» Data shown
----------

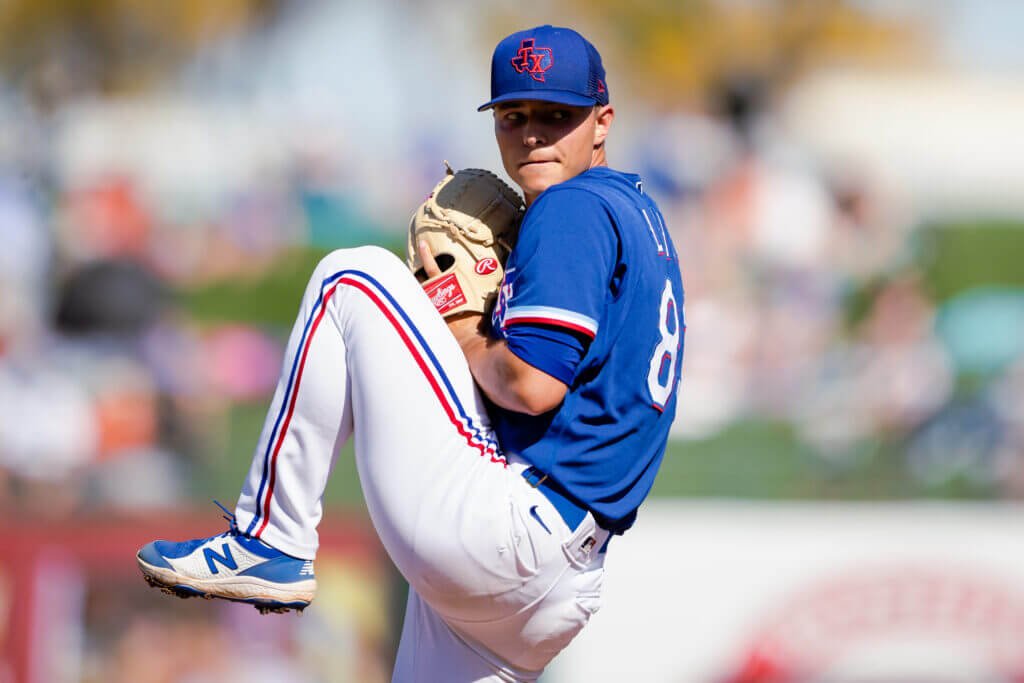 Jack Leiter Continues to Shine in Minors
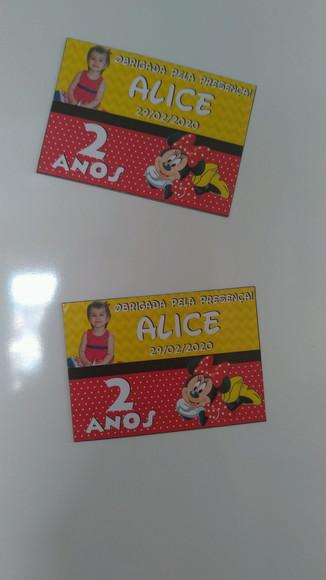 Imã Geladeira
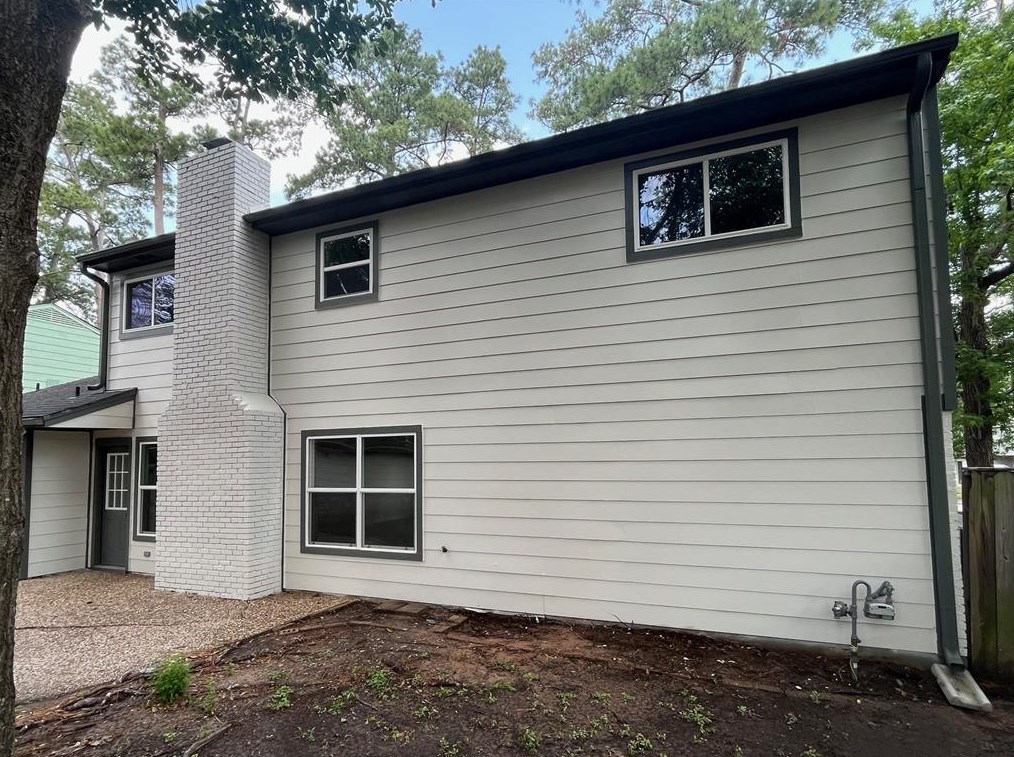 1427 Sweet Grass Trl, Houston TX  77090-1844 exterior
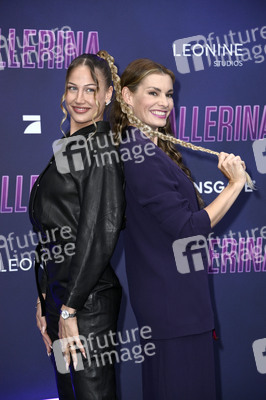 Filmpremiere 'Ballerina' in Berlin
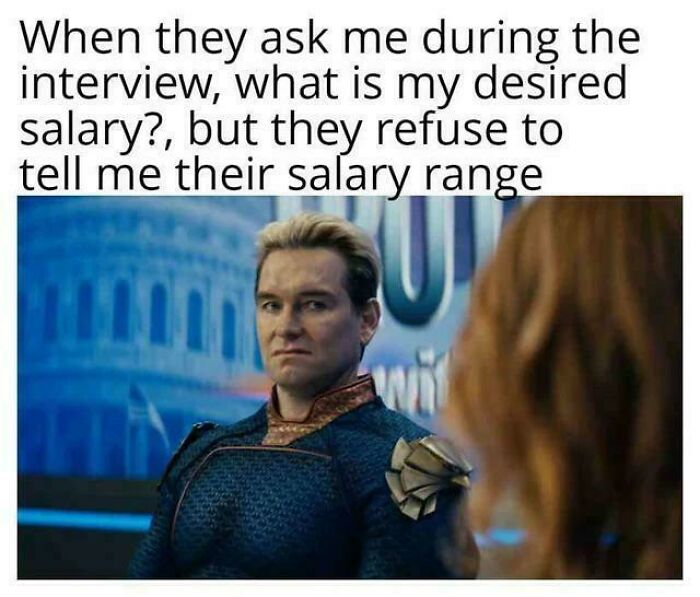 They Always Want to Pay the Absolute Minimum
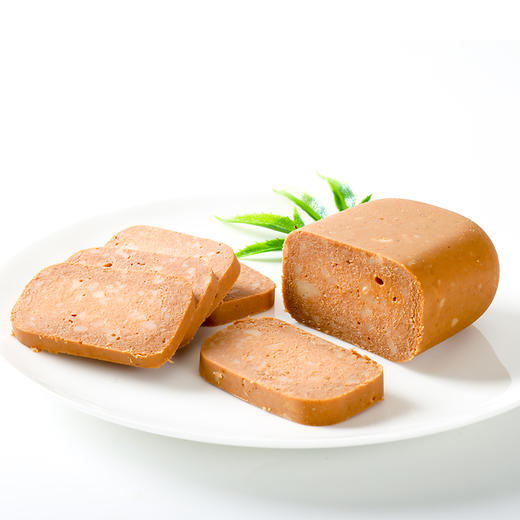 素午餐肉235克 植物肉 常温纯素午餐肉素食纯素素肉培根川香香锅火锅斋菜素莲 商品图1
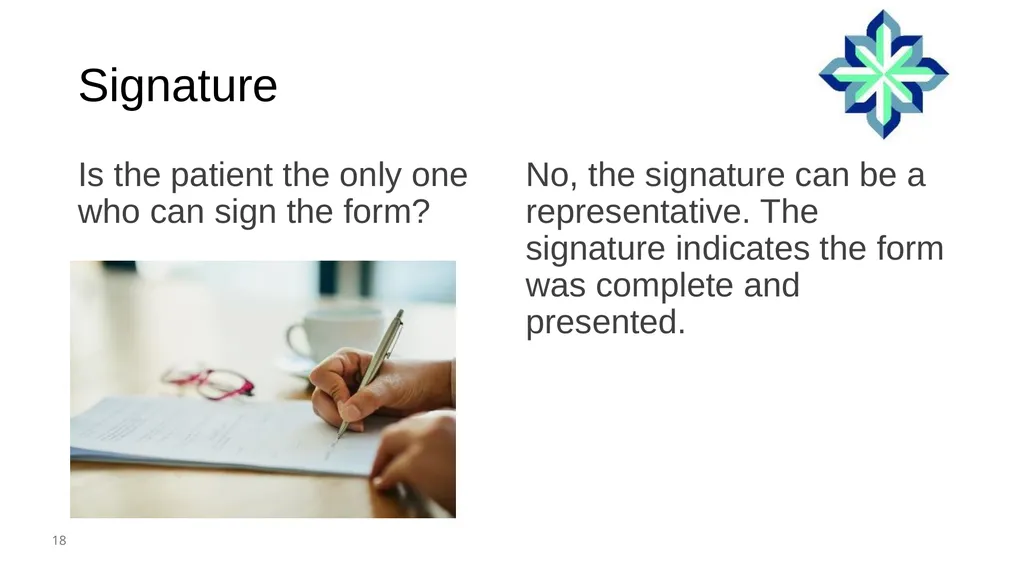 Audio Information The presenter started speaking - slide 18 of 30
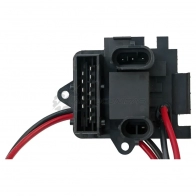 Резистор печки KRAUF DJ KUOZ BMR0207KT 1440701964 - Изображение 2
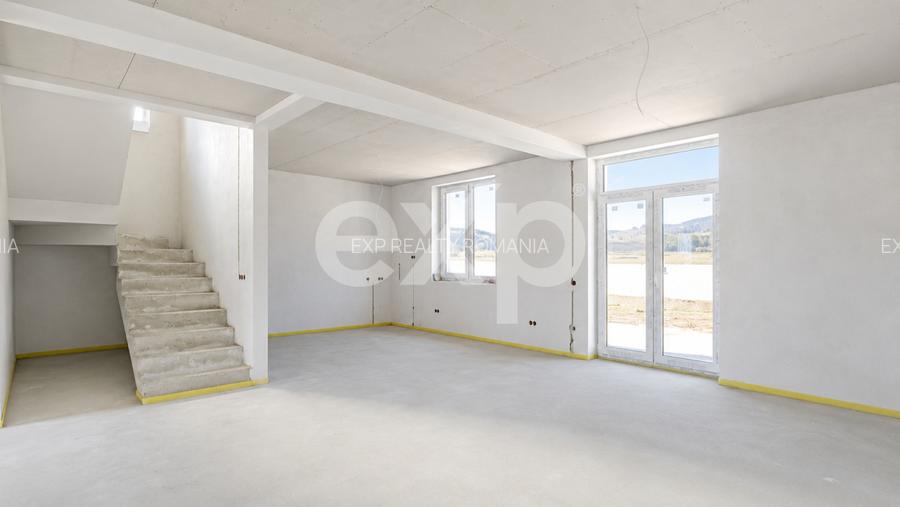 Casă Individuală Premium P+M | Sânpetru | 137 mp utili | Teren 500 mp - 9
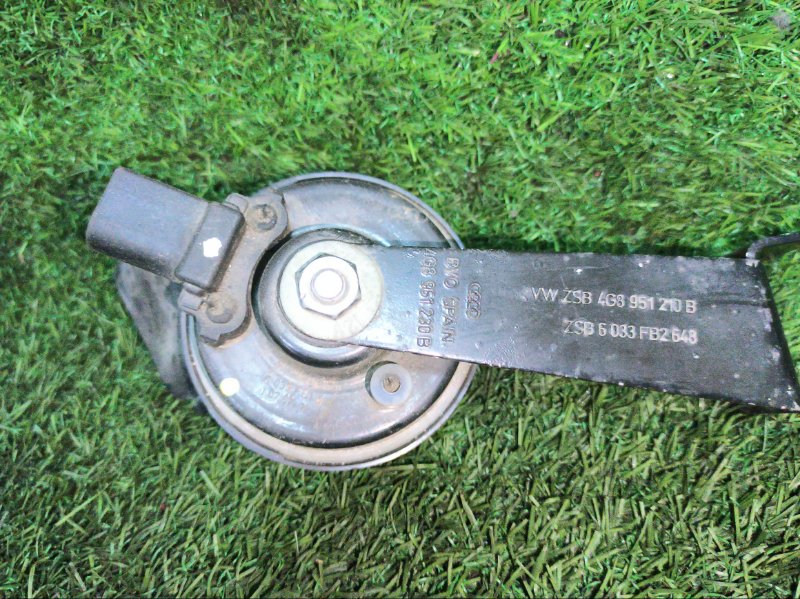 Сигнал звуковой AUDI A7 SPORTBACK 2011 4G5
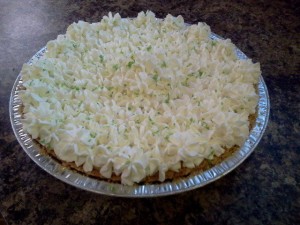 key lime pie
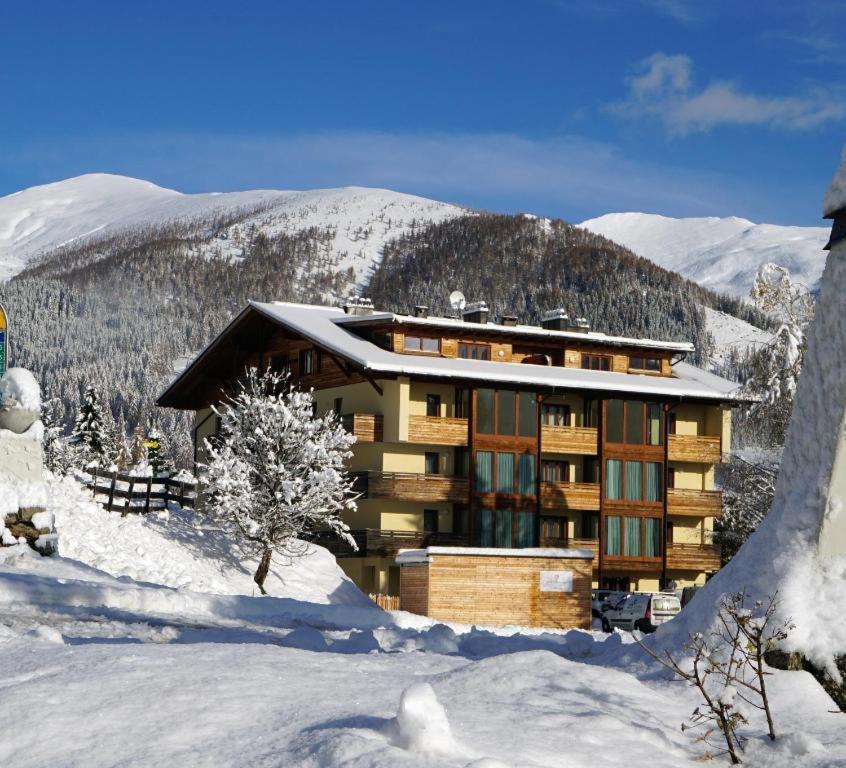 Panorama Rosie Design Chalet Bad Kleinkirchheim Luaran gambar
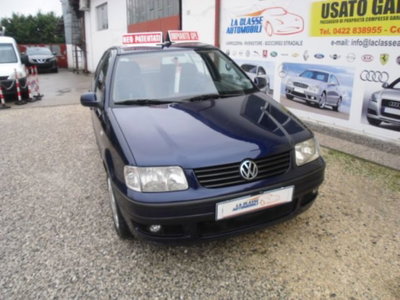 Volkswagen Polo 1.4 cat 5 porte Comfortline Air (3)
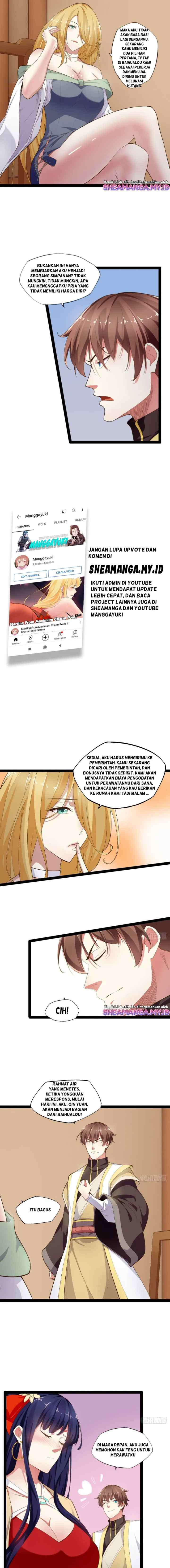 Starting From Maximum Charm Points chapter 4 halaman 9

----------

» Task requirements
Transcribe every entry exactly. Leave out the pictures.

» Task response
 Jack Leiter Continues to Shine in Minors
 Imã Geladeira
 1427 Sweet Grass Trl, Houston TX  77090-1844 exterior
 Filmpremiere 'Ballerina' in Berlin
 They Always Want to Pay the Absolute Minimum
 素午餐肉235克 植物肉 常温纯素午餐肉素食纯素素肉培根川香香锅火锅斋菜素莲 商品图1
 Audio Information The presenter started speaking - slide 18 of 30
 Резистор печки KRAUF DJ KUOZ BMR0207KT 1440701964 - Изображение 2
 Casă Individuală Premium P+M | Sânpetru | 137 mp utili | Teren 500 mp - 9
 Сигнал звуковой AUDI A7 SPORTBACK 2011 4G5
 key lime pie
 Panorama Rosie Design Chalet Bad Kleinkirchheim Luaran gambar
 Volkswagen Polo 1.4 cat 5 porte Comfortline Air (3)
 Starting From Maximum Charm Points chapter 4 halaman 9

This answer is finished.